Covering a $ 31\times 31 $ square grid with $1\times 1, 2\times 2$ and $3\times 3$ tiles
I want to solve the following problem :
A $31\times 31$ square grid is completely tiled by $1\times 1$, $2\times 2$ and $3\times 3$ tiles. What is the minimum number of $1\times 1$ tiles required.
My approach so far :
I have tried to cover the grid with as little $1\times 1$ tiles as possible. The following is one such arrangement
So here I have used six $1\times 1$ tiles. Now the question is whether I can cover the grid using fewer than six $1\times 1$ tiles. If the number of $1\times 1$, $2\times 2$ and $3\times 3$ tiles is $x,y$ and $z$ respectively, then $9x+4y+z=961$. Is this going to help to show that the arrangements for $z=1,2,3,4,5$ are / are not possible?
$\endgroup$ 13 Answers
$\begingroup$You can do it with only one $1 \times 1$ piece.
Note that any rectangle $6 \times n$ with $n \ge 1$ can be covered easily because those $n$ can be written as a sum of $2$s and $3$s.
If you look at a $13 \times 13$ square, you can cover it by putting a $1 \times 1$ piece on its center and splitting the rest into four $6 \times 7$ rectangles.
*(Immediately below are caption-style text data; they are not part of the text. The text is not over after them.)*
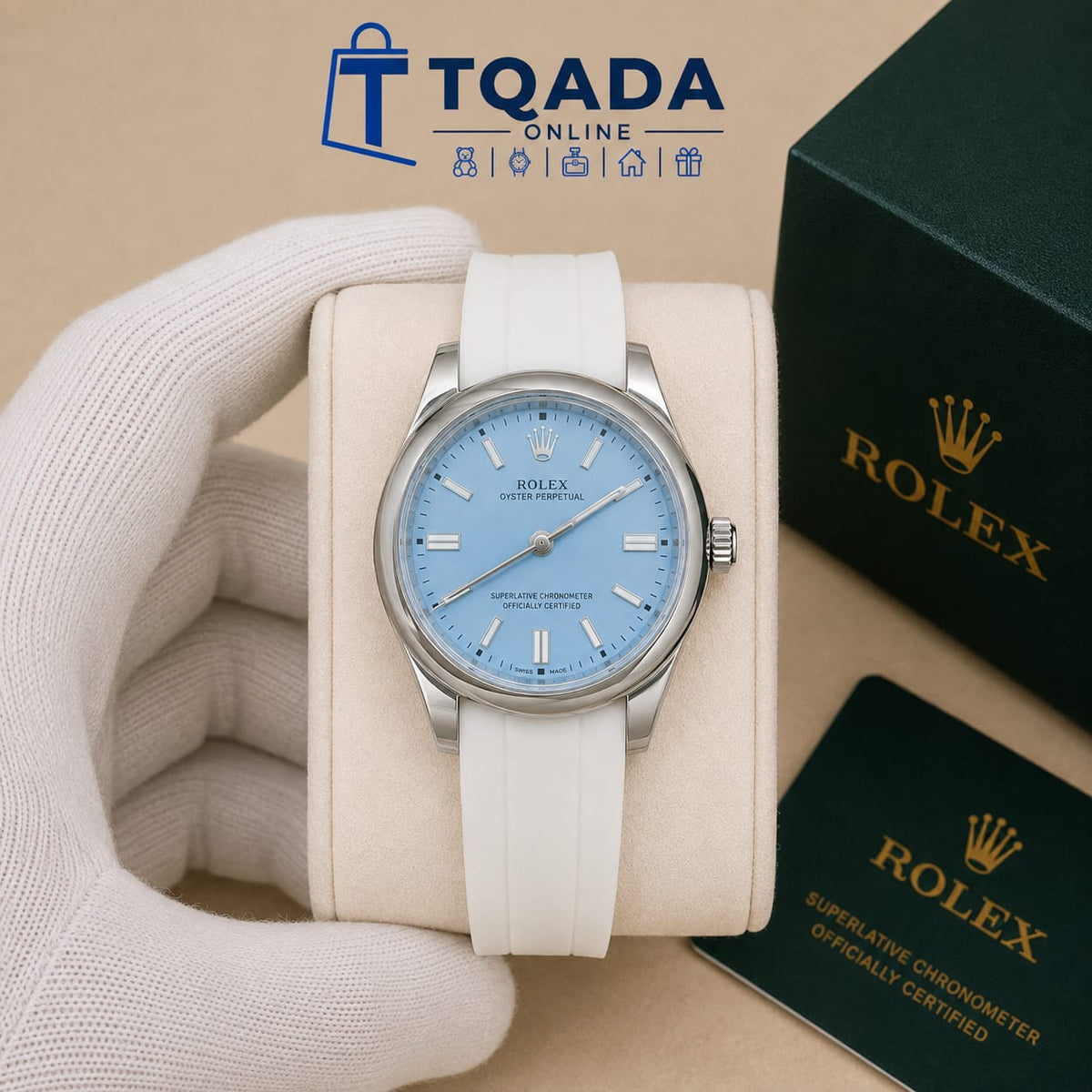 ROLEX Oyster Perpetual – Montre Automatique à Bracelet Silicone pour Homme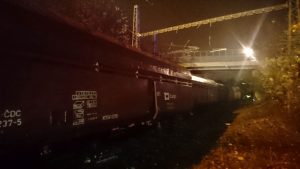 Vykolejení nákladního vlaku v Praze Malešicích. Foto: Drážní inspekce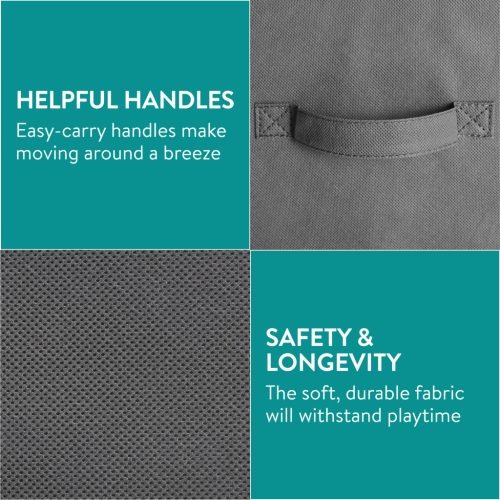 Cutie depozitare jucarii Navaris, mare cu capac si separator, 62x33x40 cm, verde, textil/plastic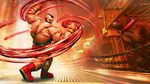  bear beard boots collar eyebrows facial_hair flexing highres male_swimwear mohawk muscle official_art pose red_footwear scar shoes street_fighter street_fighter_v swim_briefs swimwear wristband zangief 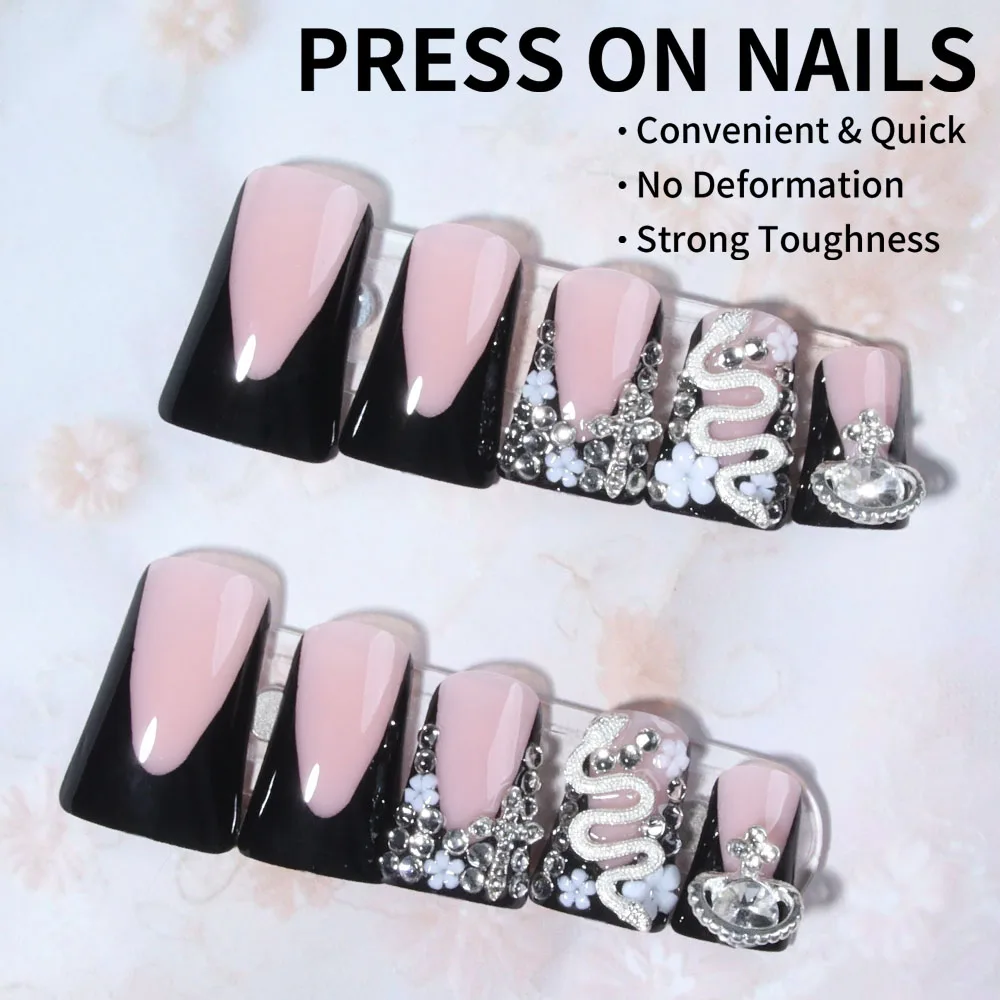 24 pièces Long canard noir pointe française presse sur ongles croix en alliage 3D, décoration en forme de serpent avec design en strass adapté parfaitement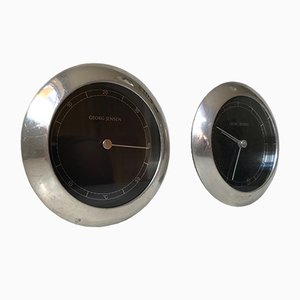 Reloj de pared y termómetro de aluminio de Andreas Mikkelsen para Georg Jensen, años 90. Juego de 2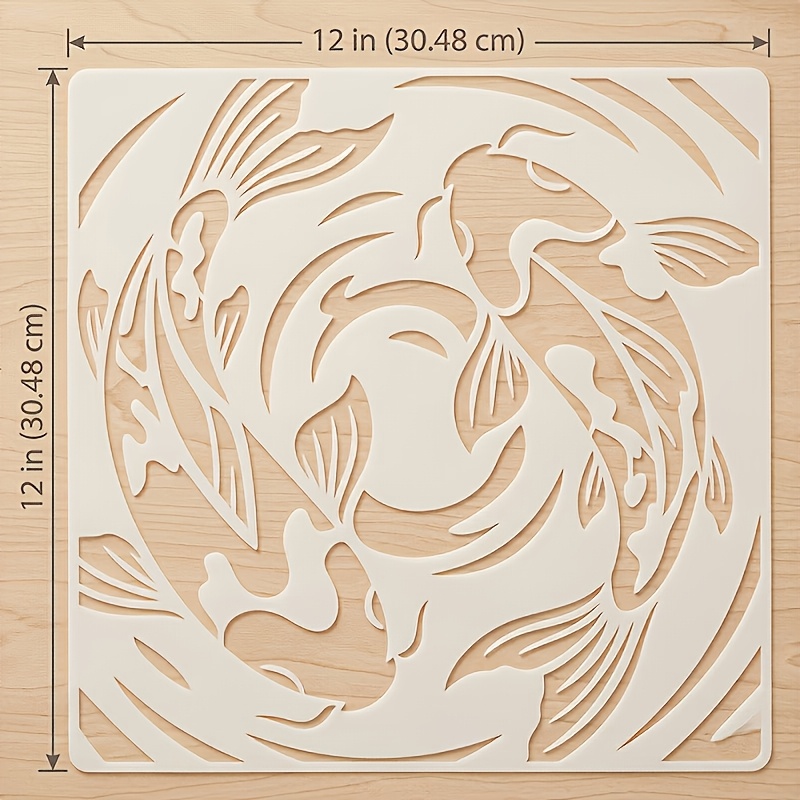 TEMU Pochoir Koï Tourbillonnante 30,48 cm x 30,48 cm, Gabarit de Peinture Réutilisable, Pochoir Koï, Symbolisant l'Harmonie du Yin et du Yang, le Fin
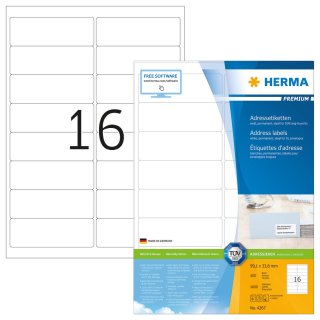 HERMA Universal Etiketten PREMIUM 99,1 x 33,8 mm weiß 1.600 Etiketten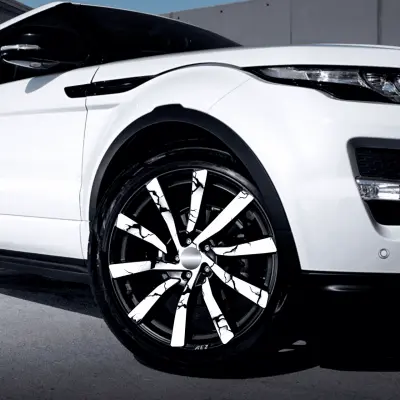 Set 4 folii imprimate outdoor cu ecosolvent, autoadezive, pentru decorarea jantelor auto, dimetru 60 cm, model fjt-11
Then, to complete the $31 \times 31$ square, you add a $13 \times 18$ rectangle and a $18 \times 31$ rectangle.
You can't do it without a $1 \times 1$ piece, because if you tile the square with a repeating
$\left(\begin{array}{rr} 1 & -1 \\ 0 & 0 \\ -1 & 1 \end{array}\right)$
pattern, the sum of all the numbers in a $31 \times 31$ square is $1$, but the sum over any $2 \times 2$ or $3 \times 3$ square is $0$.
$\endgroup$ 1 $\begingroup$Starting from a corner, you can fill a square $27\times 27$ with $81$ tiles $3\times 3$, then two stripes $26 \times 4$ with $52$ tiles $2\times 2$ and you get a free space $5\times 5$ with a $1\times 1$ corner removed. This can be filled with one tile $3\times 3$, three tiles $2\times 2$ and three tiles $1 \times 1$.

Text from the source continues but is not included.